NAD: Bogner Snorkler Mod

I don’t get the love for his tones on the first couple AIC albums either. It’s decent but nothing great or worth chasing imo. His playing is much better than the actual tones. Would’ve sounded much better with a ripping boosted Marshall.
This is so true for most of the coveted tones people go nuts over. More often than not it’s the playing that is making it good, rather than the tone itself
 
I don’t get the love for his tones on the first couple AIC albums either. It’s decent but nothing great or worth chasing imo. His playing is much better than the actual tones. Would’ve sounded much better with a ripping boosted Marshall.

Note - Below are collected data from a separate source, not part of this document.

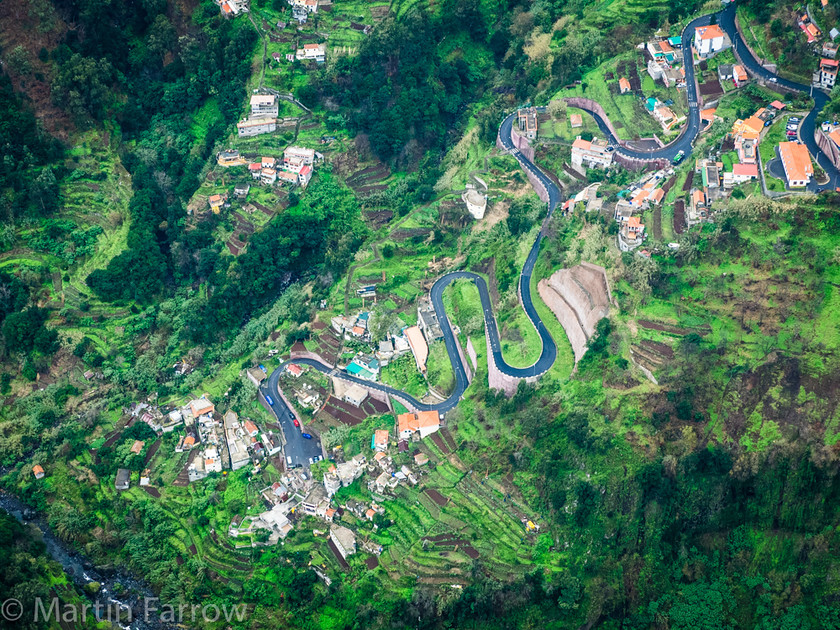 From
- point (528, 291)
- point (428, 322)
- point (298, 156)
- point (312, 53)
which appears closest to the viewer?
point (528, 291)

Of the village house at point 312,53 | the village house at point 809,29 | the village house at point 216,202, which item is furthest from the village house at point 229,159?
the village house at point 809,29

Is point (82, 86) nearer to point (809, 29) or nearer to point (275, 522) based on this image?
point (275, 522)

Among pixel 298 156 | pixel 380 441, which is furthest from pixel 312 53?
pixel 380 441

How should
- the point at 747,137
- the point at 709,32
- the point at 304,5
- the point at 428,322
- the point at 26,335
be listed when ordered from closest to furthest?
the point at 747,137, the point at 428,322, the point at 26,335, the point at 709,32, the point at 304,5

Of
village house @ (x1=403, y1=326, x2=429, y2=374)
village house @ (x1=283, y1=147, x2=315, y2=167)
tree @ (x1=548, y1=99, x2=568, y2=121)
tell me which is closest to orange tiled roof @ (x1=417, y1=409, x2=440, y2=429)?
village house @ (x1=403, y1=326, x2=429, y2=374)

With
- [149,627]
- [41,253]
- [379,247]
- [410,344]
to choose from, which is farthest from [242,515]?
[41,253]

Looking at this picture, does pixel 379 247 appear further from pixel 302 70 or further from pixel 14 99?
pixel 14 99

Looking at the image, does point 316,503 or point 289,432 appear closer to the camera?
point 316,503

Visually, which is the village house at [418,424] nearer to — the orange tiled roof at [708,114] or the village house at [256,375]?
the village house at [256,375] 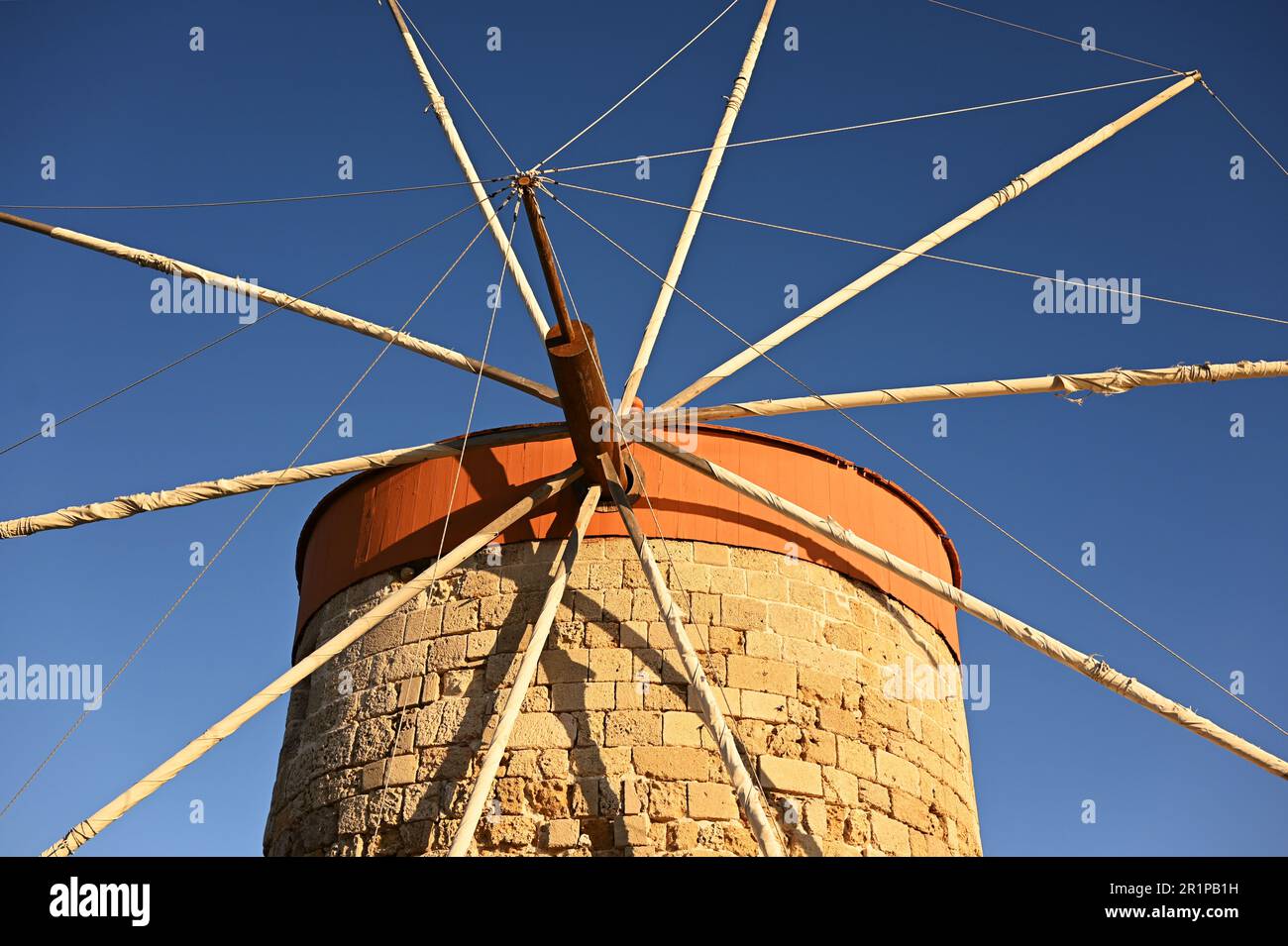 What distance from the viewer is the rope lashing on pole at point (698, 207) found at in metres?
8.52

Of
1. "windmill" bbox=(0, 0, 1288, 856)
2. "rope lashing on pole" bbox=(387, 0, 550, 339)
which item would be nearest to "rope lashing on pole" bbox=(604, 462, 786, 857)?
"windmill" bbox=(0, 0, 1288, 856)

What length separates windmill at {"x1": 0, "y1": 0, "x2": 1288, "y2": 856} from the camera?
6.88m

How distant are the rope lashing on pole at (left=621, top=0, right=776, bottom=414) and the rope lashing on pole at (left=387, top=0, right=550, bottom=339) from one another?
672mm

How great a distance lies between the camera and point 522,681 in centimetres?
718

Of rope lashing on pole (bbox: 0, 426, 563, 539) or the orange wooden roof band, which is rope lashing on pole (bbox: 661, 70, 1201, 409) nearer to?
the orange wooden roof band

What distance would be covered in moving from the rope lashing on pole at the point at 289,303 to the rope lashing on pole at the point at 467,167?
16.6 inches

I've always really liked the Facelift tone...dark and brooding, nasty. Which is a changeup to how I set up my amps lol. I didn't care that much for Dirt though.
 
I've always really liked the Facelift tone...dark and brooding, nasty. Which is a changeup to how I set up my amps lol. I didn't care that much for Dirt though.
That description very much fits this Bogner mod. It doesn’t sound like those ‘60’s bassmans though. Opposite of a bright, uppermid grind type sound
 
Well, that 64 Bassman boosted was dark, brooding and nasty. But not very tight. Through that 72 cab I had, very close to Facelift....
 
Well, that 64 Bassman boosted was dark, brooding and nasty. But not very tight. Through that 72 cab I had, very close to Facelift....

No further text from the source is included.